My husband Peter and I have always loved the stories of the days of whaling ships, sea captains and shipwrecks. Taking inspiration from these visions of old world New England, we celebrated the ocean-side Cape Cod wedding of our dreams last summer.
Peter is as drawn to the sea as I am. A Barnstable native, he grew up spending his summers working on fishing boats on the Cape and later went to school to become a marine engineer. My summer days were spent on Dowses Beach in Osterville or enjoying my parents’ Boston Whaler. The sea is deeply embedded in both of us.
As an interior designer by trade, I was excited by the challenge of creating a unique wedding experience that our guests would love. Many would be visiting from out of town, and we wanted a unique wedding venue—something in walking distance to guest accommodations and that which would offer a perfect Cape Cod experience. We happily chose Provincetown’s Pilgrim Monument. The view from the hill is breathtaking, and on a clear day you can see for miles.

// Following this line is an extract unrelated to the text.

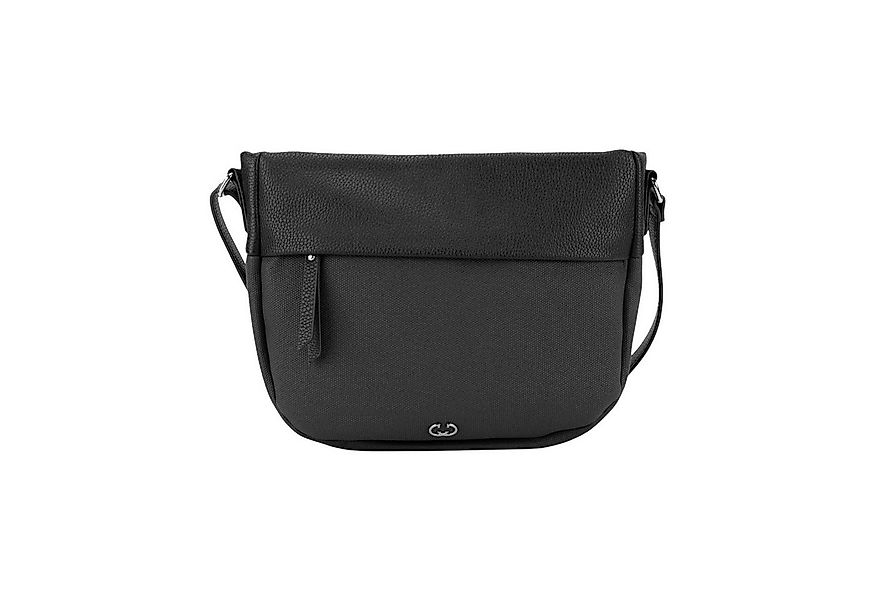 GERRY WEBER Schultertasche Shoulder Bag günstig online kaufen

Provincetown is an old fishing and whaling village that is rich in history, and it was the perfect location for our “shipwrecked”-themed wedding. With our friends and family on hand, we exchanged our vows overlooking Provincetown Harbor. We draped an arbor in tulle, sail cloth and manila rope to resemble a shipwreck. From the center hung a four-foot ship I designed and had welded with hundreds of crystals and chain collected from vintage chandeliers.
We rented a tidewater tent and the backdrop looked like a scene from a painting. The base of the monument itself was transformed into old world nautical days with accents of rope, strewn tulle, compasses, oil lanterns and more. Greys and blues reflected a stormy, shipwrecked feel. Each guest table was decorated with flowers cascading from silver-leafed vases, and the table names featured nautical terms displayed on wine bottles we had collected. The guest favors were handmade ornaments made from Cape Cod sand.

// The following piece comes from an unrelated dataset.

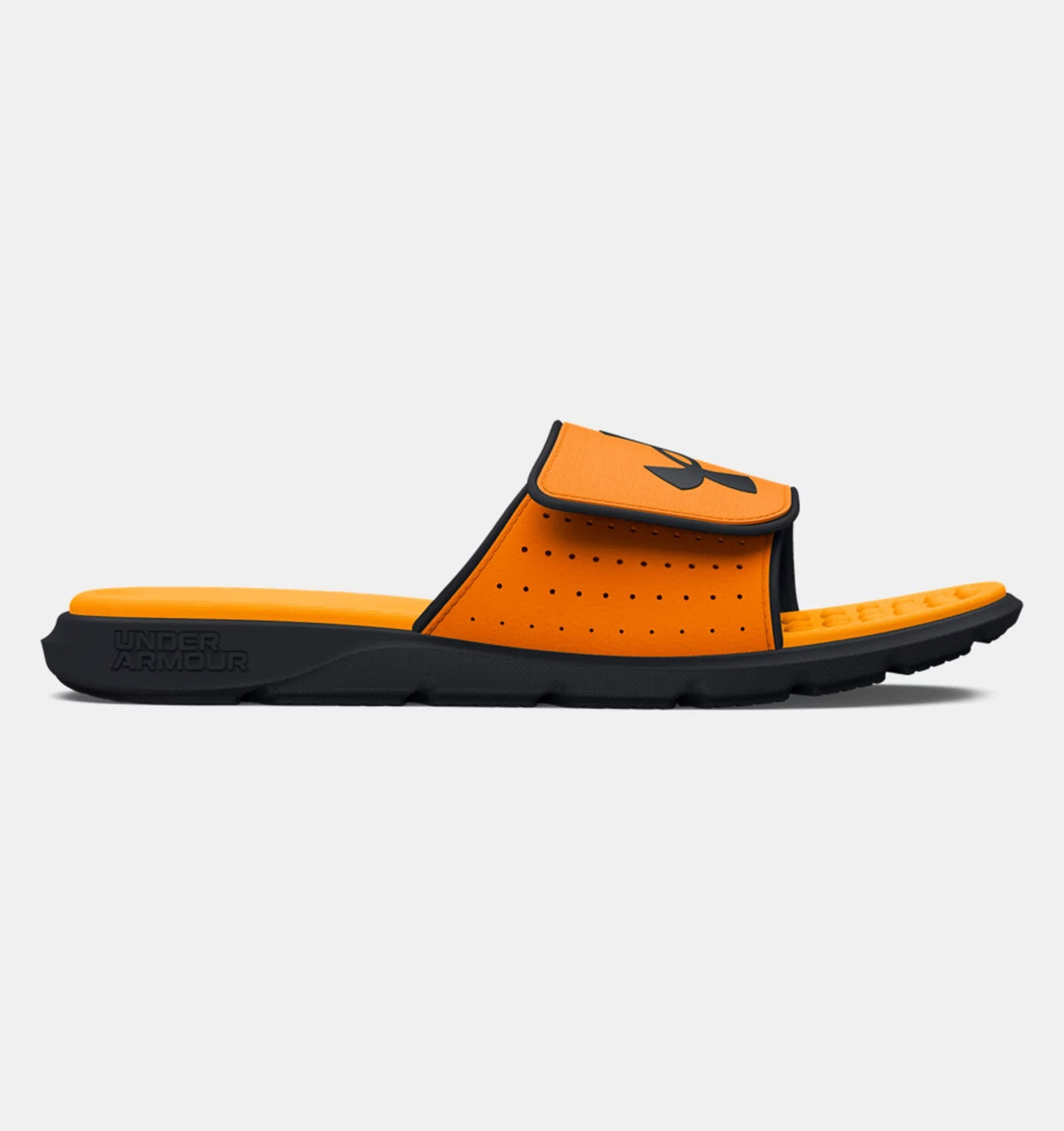 Ignite Pro SL Sneakers - Premium Brand Shoes for Men and Women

Leading up to the wedding, we spent more than a year collecting artifacts and other décor items along the East and West coast. Finding decorative pieces befitting the whaling era became a challenge I enjoyed. Each detail was crucial to help create the feel of old world times, and I felt it important that each piece was either personally handmade by my husband and I, or “found” in an antique shop specifically for our big day. After the wedding we would display these items in our home to enjoy for years to come.
Elegantly displayed throughout the venue—the grounds surrounding the monument—were vintage bottles with sea coral toppers, pearls draped over old fashioned jewelry boxes, and inspiring paintings of whaling expeditions. Hors d’oeuvres were served on antique silver trays, and a hand carved wooden whale hung above the bar. The bar itself was made from ship-lapped mahogany, and fish netting hung from either side displaying hundreds of poets’ and songwriters’ quotes about love. The day’s signature drinks were a Dark and Stormy and a Drunken Mermaid—cocktails fitting our “ship wrecked” wedding theme.
Lastly, one of my favorite décor components was a mileage marker sign that was inspired by a family vacation to the Caribbean. Dressed at the top was a seasoned ship weathervane I had found on the California coast.
Following our wedding, Peter and I honeymooned at the Centerboard Inn on Nantucket, a former whaling captain’s home built in 1880. It was the perfect ending to our old New England wedding weekend.